ほとんど毎日、書店をのぞかないではいられない。だから、いつも平積みされた新着本には、興味がある。
ベストセラーは、無視できない。おめあての作家の新作は、いまかいまかと待ち望んでいる。
でも出版されて数十年、文庫化されて版を重ねて、いまだ読者を魅了するそんな本こそ見逃せない。
仕事や義務や義理ではなくて、ただ「何か読みたくなった」とき、心に引っ掛かった一冊を紹介します。
冷布亭氏からのご案内は、月に2回のお届け予定です。

[連載エッセイ No.84]

プロフィール
江戸川乱歩「D坂の殺人事件」

創元推理文庫 1987年6月 第1刷

江戸川乱歩がデビュー間もない大正13年(1924)発表の「二廃人」をはじめ、昭和30年(1955)の「防空壕」など全10編の短編集。
表題作の「D坂の殺人事件」は大正14年(1925)の発表だが、ここではじめて明智小五郎が登場する。のちに名探偵の尊称をほしいままにする明智だが、本作では「年齢は25歳に満たない定職を持たない高等遊民だが、服装には無頓着でいつも木綿の着物によれよれの兵児帯を締めている。髪の毛は長くモジャモジャで、指で引っ掻きまわすのが癖」と、紹介されている。と、まるで金田一耕助そっくりだが、これはのちに横溝正史がこの明智小五郎のモチーフを借りて作り上げたということらしい。もっとも「怪人二十面相」など少年探偵団シリーズでは、明智小五郎は小林少年を助手として、「黒い背広に、黒い外套、黒いソフト帽」という紳士然とした、容姿端麗、偉丈夫な探偵として描かれていて、こちらの方が一般的なイメージだ。2008年に公開された映画「K-20怪人二十面相・伝」は原作を大胆に脚色して話題を呼んだが、仲村トオルがまさにそのイメージ通りの明智小五郎を演じている。
ともあれ「D坂の殺人事件」は明智小五郎が密室殺人と思われた事件を見事解決するのであるが、殺された美貌の主婦と殺害犯は姦通の関係にあり、互いにマゾヒズム、サディズム性癖であったことが解き明かされる。「少年探偵団」の強く正しい世界観とは相いれない、人間の仄暗い情念を江戸川乱歩は否定しない。「赤い部屋」「毒草」「虫」「石榴」などその他の短編もタイトルを見るだけで禁忌の匂いが漂ってくるが、またそれが独特な甘美な味わいを持っていて、いまだに我々を誘惑するのだ。

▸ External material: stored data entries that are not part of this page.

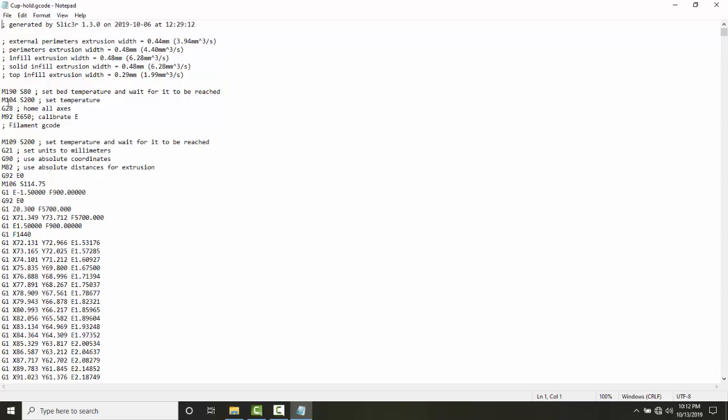Over here it tells me that M190 is to set the bed temperature. M stands for to switch something. We're switching our bed temperature and setting it to 80 degrees. Over here we have M104. It's setting the temperature of the PLA to 200 degrees.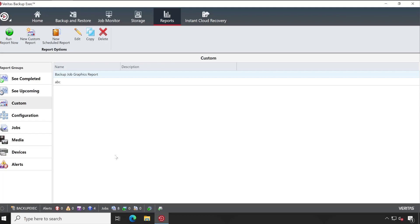So guys, as we are about to end our Backup Exec console series, please do let me know if you want me to create video on any specific component or module before I end the series.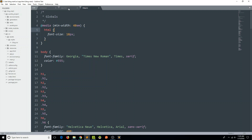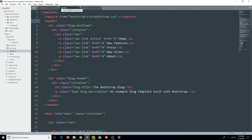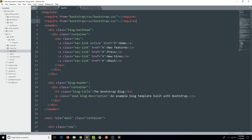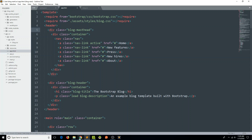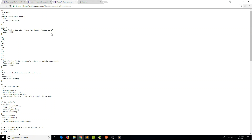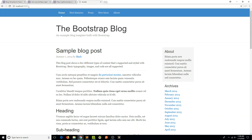I'll create a new file, dump all the copied CSS content, and save it as blog.css — this keeps our source folder nice and organized, which becomes tremendously important for larger applications. In app.html I'll add another require for this custom style: assets/styles/blog.css. I'll save, hop over to localhost:9000, and there we go — it looks exactly like the Bootstrap example. We're at a good place.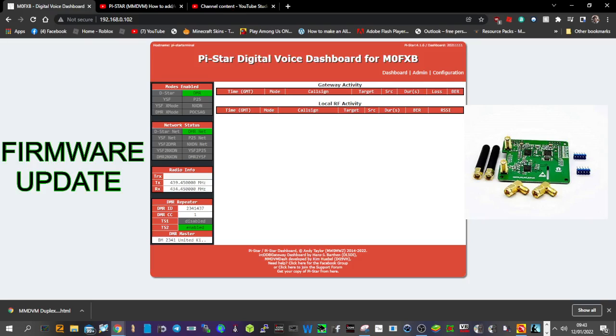M0FXB, so you want to update your firmware on your dual MMDVM hat, Jumbo hotspot for DMR D-Star Fusion etc.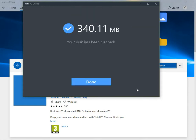Right, it's done the scan and it's cleaned it and it's found 340.1 MB it's cleaned. You just click Done and it's finished.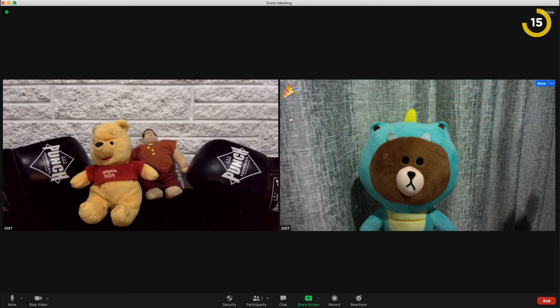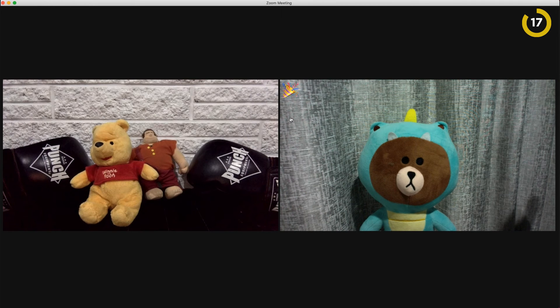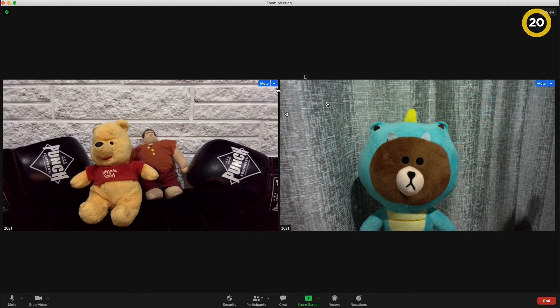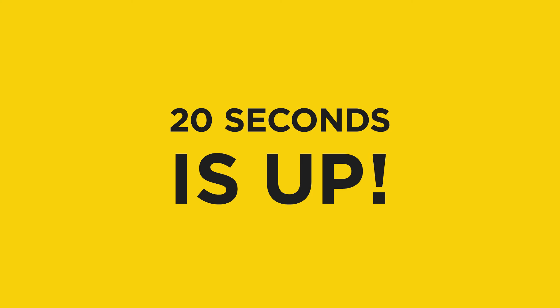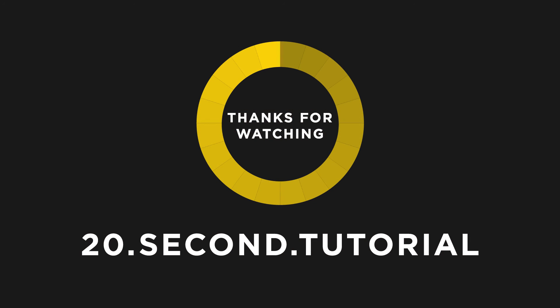The emoji will disappear within five seconds. 20 seconds is up — thanks for watching.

ところで「D坂」とは、東京都文京区の団子坂のことだ。団子坂の途中には森鴎外の「観潮楼跡鴎外記念館」がある。団子坂を下ってしのばず通りを渡ると左手に創業明治八年の「菊見せんべい」、その先が上り坂になり名前が変わって三崎坂(さんさきざか)、蕎麦屋、すし屋、甘味処など軒を並べる中、右手には「いせ辰」、江戸千代紙の老舗だ。そしてその先にあるカフェの名が、なんと「乱歩」。ここらあたりは、もう台東区谷中。小生がよく行く古本屋もほど近い。今度の休みは、明智小五郎を気取って、団子坂−三崎坂界隈を「探偵」してみよう。この短編集には「白昼夢」という一編もあった。甘美な出会いも・・・それは到底期待できないな。